Num contexto em que a actividade económica mundial tem-se tornado cada vez mais interligada, as diferenças legais, sociais e culturais entre várias regiões tornam-se determinantes do modo como uma região se integra nas redes globais de produção, e das repercussões que essa integração terá na maior igualdade ou desigualdade nessa região. Em Portugal, durante muito tempo, o sistema produtivo integrou-se na economia europeia e mundial através de sectores que, sendo relativamente intensivos em trabalho, permitiram a manutenção de uma taxa de desemprego relativamente baixa durante as últimas duas décadas do século passado. Nesse caso, a desigualdade de rendimento e riqueza resultava dos salários relativamente baixos praticados nesses sectores (embora a exclusão do próprio mercado de trabalho tenha sido sempre um factor também importante). O facto da população feminina constituir uma parte importante dessa força de trabalho, conjugado com um quadro social e cultural em que as obrigações familiares são assimétricas, contribuiu também para a desigualdade de género nesse contexto.

A evolução do comércio internacional, que trouxe uma maior concorrência para esses sectores em que Portugal se encontrava especializado, num contexto de moeda única europeia que já não permitia utilizar a desvalorização monetária para tornar as exportações mais competitivas, levou a que o país estivesse pouco preparado para a crise financeira global de 2007-8 e, especialmente, para a crise das dívidas soberanas que se seguiu, causada pela especulação financeira em torno da capacidade das economias mais frágeis da zona euro pagarem a sua dívida. Neste contexto, a desigualdade agravou-se (passando também pelo aumento do desemprego), sobretudo quando o orçamento do Estado ficou ainda mais sobrecarregado com o pagamento da dívida (dada a subida das taxas de juro implícitas na dívida entre 2010 e 2011), e com a imposição pela chamada “troika” (Comissão Europeia, Banco Central Europeu e Fundo Monetário Internacional) da chamada austeridade, associada ao empréstimo obtido.

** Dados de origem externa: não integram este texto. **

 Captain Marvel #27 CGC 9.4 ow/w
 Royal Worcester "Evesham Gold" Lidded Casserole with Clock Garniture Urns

Essa intervenção externa e o seu enquadramento legal foi acompanhada por um discurso que considerava que os direitos e obrigações negociados no contexto desse empréstimo se sobrepunham aos direitos e obrigações inerentes às relações laborais e prestações sociais preexistentes, contribuindo para o aumento da desigualdade também pela disrupção dessas relações laborais e prestações sociais. Aliás, neste período, se a classe média foi certamente afectada negativamente pelas alterações fiscais, as desigualdades aumentaram também pelo modo como aqueles mais pobres foram afectados pelas alterações das prestações sociais. A quebra das taxas de juro implícitas na dívida pública, iniciada quando o Banco Central Europeu assumiu o seu papel de prestador de última instância em 2012, e mais recentemente o redireccionamento dos fluxos turísticos para Portugal (em grande parte em fuga de um Mediterrâneo onde a instabilidade se tornou crónica por razões ligadas a desigualdades globais), permitiram alguma recuperação económica e a consequente redução do desemprego.

Mas o turismo é, novamente, um sector onde os salários baixos são a regra, e sujeito a flutuações resultantes da situação global, presentemente afectada pela pandemia global iniciada em finais de 2019. A pandemia traz uma realidade em será de esperar um aumento das desigualdades em resultado da forma como são afectados os sectores onde os serviços são prestados de forma presencial por pequenas empresas e todos aqueles que dependem das actividades entretanto suspensas. A maior pressão sobre as famílias tem também maior ou menor impacto na desigualdade de género conforme as convenções sociais no quadro da vida familiar. A disrupção causada é, todavia, acompanhada pelas possibilidades abertas no que diz respeito a formas de organização da produção menos disruptivas da biosfera. As crises trazem sempre possibilidades para alterações estruturais, e, neste caso, o desafio será o de como organizar os sistemas de produção e distribuição, de forma a conseguir a sustentabilidade económica, social e ambiental que já se procura há largas décadas.

Nota:

[1] Reimpresso em Sen, A. (1982), Choice, Welfare and Measurement. Oxford: Blackwell.